(Captioned web images)
..........

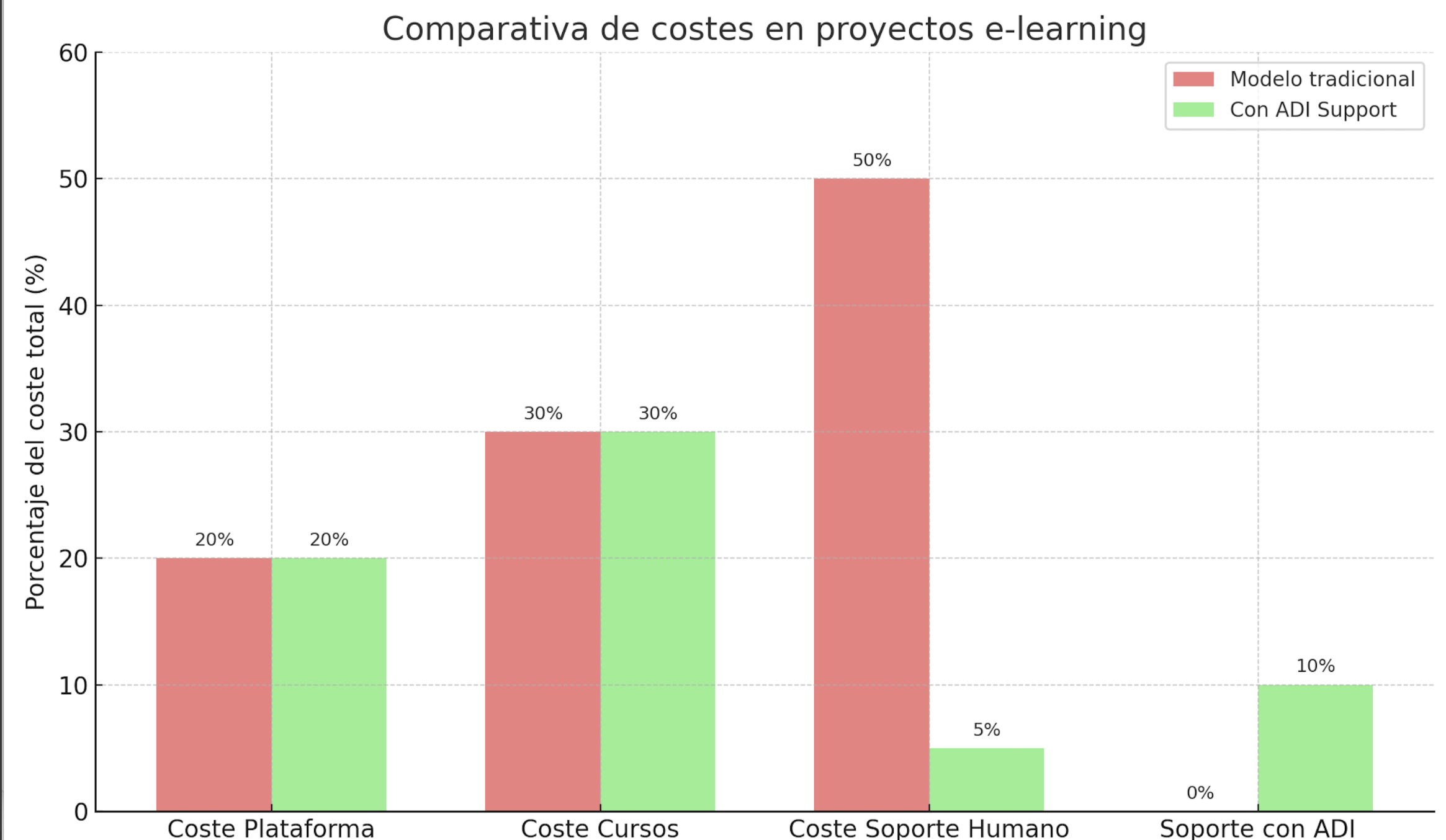 Poređenje troškova u e-learning projektima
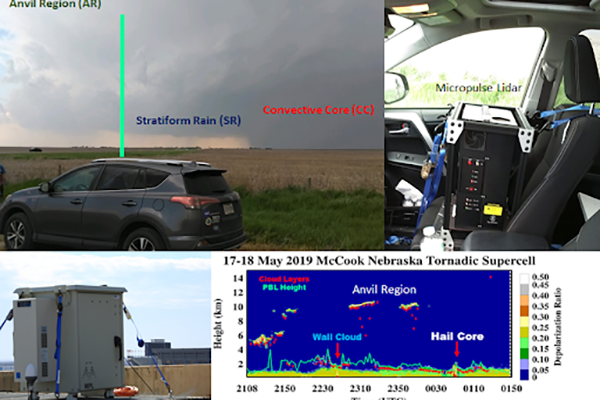 micropulse-lidar.png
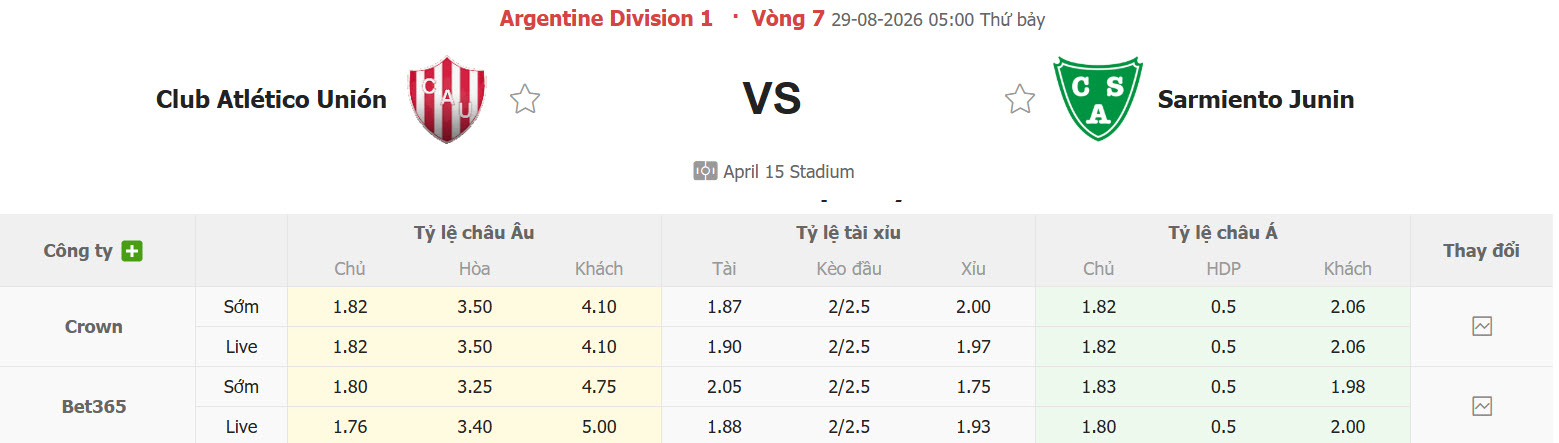 Nhận định, soi kèo Union Santa Fe vs Sarmiento Junin, 05h00 ngày 29/8: Bay cao trên bảng tổng sắp - Ảnh 1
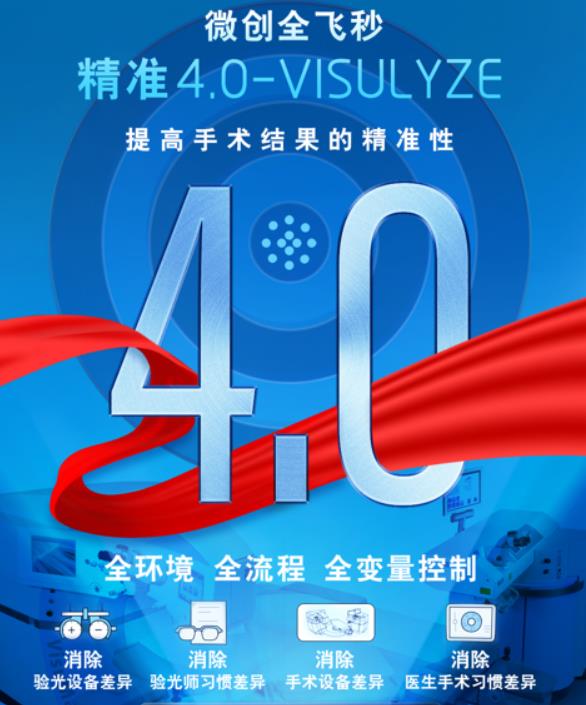 全飞秒4.0问答，你想知道的都在这里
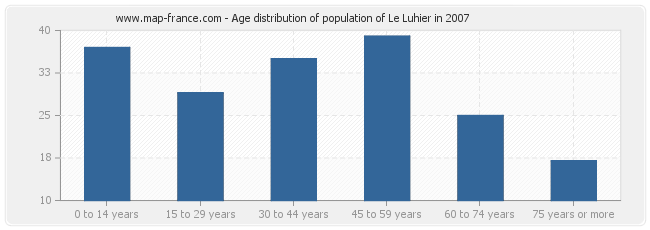 Age distribution of population of Le Luhier in 2007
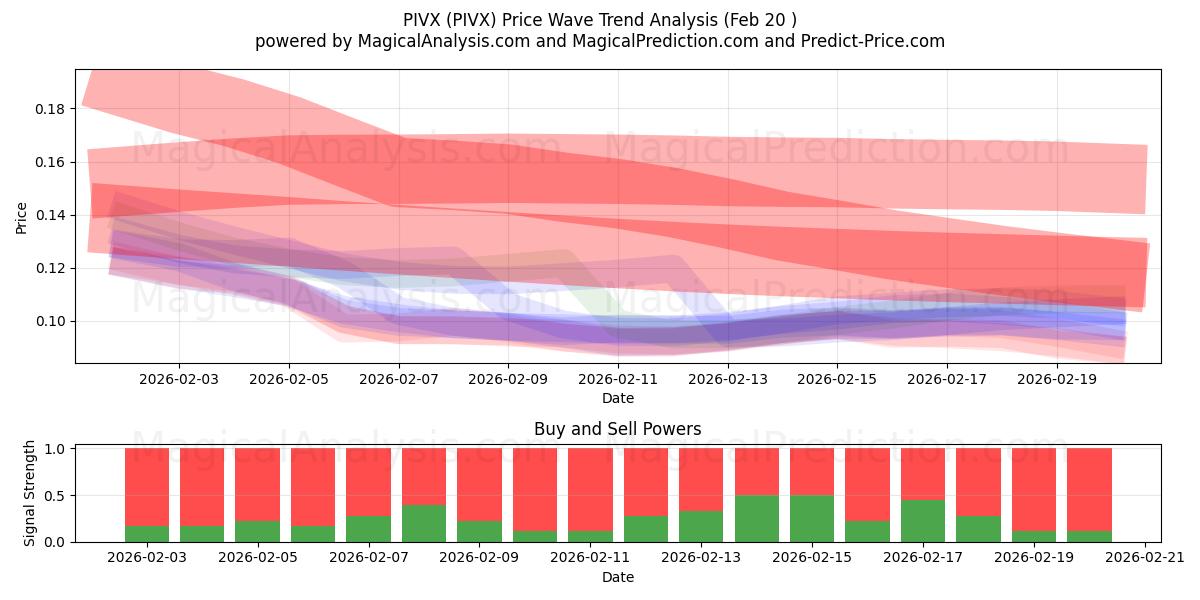  PIVX (PIVX) Support and Resistance area (19 Feb)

..........

TASK PROMPT: A faithful copy of every record is needed here. Leave the images out of it.

ANSWER TO THIS TASK:
 Poređenje troškova u e-learning projektima
 micropulse-lidar.png
 Nhận định, soi kèo Union Santa Fe vs Sarmiento Junin, 05h00 ngày 29/8: Bay cao trên bảng tổng sắp - Ảnh 1
 全飞秒4.0问答，你想知道的都在这里
 Age distribution of population of Le Luhier in 2007
  PIVX (PIVX) Support and Resistance area (19 Feb)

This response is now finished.